Heavily promoted as South Korea's first 3D IMAX blockbuster, the highly-anticipated SECTOR 7 has also been touted as the next "ultimate monster movie" since Bong Joon-Ho's groundbreaking hit, THE HOST (2006). In fact, from the look of the promotional trailer, SECTOR 7 looks promising enough as a fun-filled summer popcorn blockbuster. Actually I got a high hope for this one, but unfortunately SECTOR 7 is a jaw-dropping disappointment from many levels. Yeah, it is that bad, especially given all the high-profile talents involved in this big-budget production.
Set entirely on an oil rig platform at Sector 7, located south of Jeju Island, the movie revolves around a small but dedicated crew consisting of the no-nonsense equipment manager Hae-Joon (Ha Ji-Won) and her fellow oil riggers -- Kim Dong-Soo (Oh Ji-Ho), Do Sang-Gu (Park Cheol-Min), Ko Jong-Yoon (Song Sae-Byeok) and Hwang In-Hyuk (Park Jung-Hak) -- as well as two oil researchers, Moon-Hyung (Lee Han-Wi) and Hyun-Jung (Cha Ye-Ryeon). All of these crew are responsible to search for undiscovered oil deep down the ocean floor. But their constant hard work are nothing more than countless failures from time to time.
Until that is, hope is high when Hae Jun's uncle Ahn Jung-Man (Ahn Sung-Ki) returns to find the oil. However, he has a different motive altogether. Apparently he's been planning to breed a newly discovered lifeform whose bodily fluids able to burn longer than 30 hours, which in turn, favors as a new form of fuel instead of traditional oil.

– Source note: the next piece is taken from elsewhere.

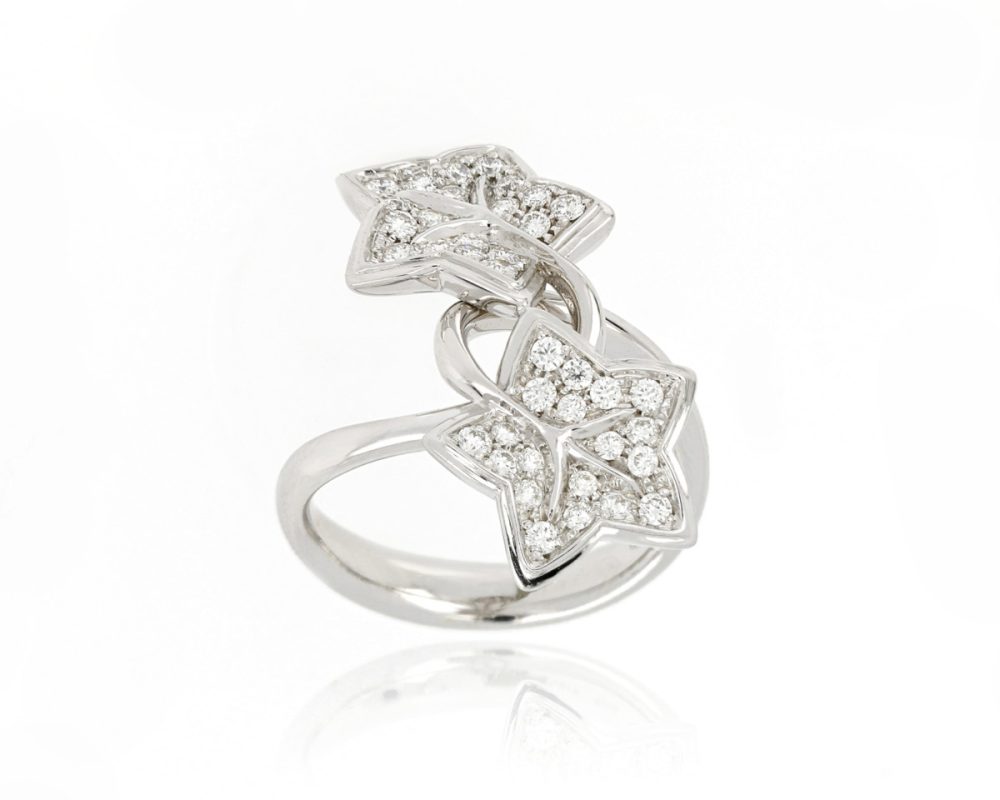 Diamond Set Double Leaf Dress Ring, 18ct White Gold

Unfortunately all hell breaks loose when the lifeform turns out to be a gigantic beast set to hunt them down one by one. Trapped at the restricted confinement of the oil rig, the desperate crew have no choice but must work together to kill the beast at all cost before it's too late.
Borrowed heavily from ALIENS (1986) and of course mostly from B-movies including LEVIATHAN (1989), DEEPSTAR SIX (1989) and DEEP RISING (1998), this shamelessly unoriginal monster movie is such a slave to those Hollywood's like-minded genres that everything shown here are more like a cheap imitator.
Most of the SECTOR 7's weaknesses suffers from badly-written screenplay (with some ill-timed comic relief) and Kim Ji-Hun's pedestrian direction who doesn't seems how to make use the full potential of its promising setup. The first 30 minutes or so is a tired slog of poor characters-driven drama that it's such a butt-numbing experience to sit through. Even by the time the beast starts to appear by 40 minutes mark, the supposedly exciting moments are ruined by laughably bad CGI and lackluster action set-pieces. Apparently Kim Ji-Hun made a big mistake of showing the beast too much, and he's particularly clueless on how he presented the beast effectively on the screen. Basically what we have here instead is a series of predictable chase between the beast and the oil crew where suspense is almost non-existent. Worst still, it's hardly scary or particularly pulse-pounding at all. If anything, the final 20 minutes which involves a motorcycle chase between Hae-Jun and the beast outside the oil rig platform does boost some excitement here.
Despite the involvement of talented cast including Ha Ji-Won and Ahn Sung-Ki, their characters are mostly reduced to strict caricatures. Still, you have to admire Ha Ji-Won's tough portrayal as the no-nonsense Hae-Jun who made quite an impression that reminds me of Sigourney Weaver's iconic performance as Ripley in the ALIEN series.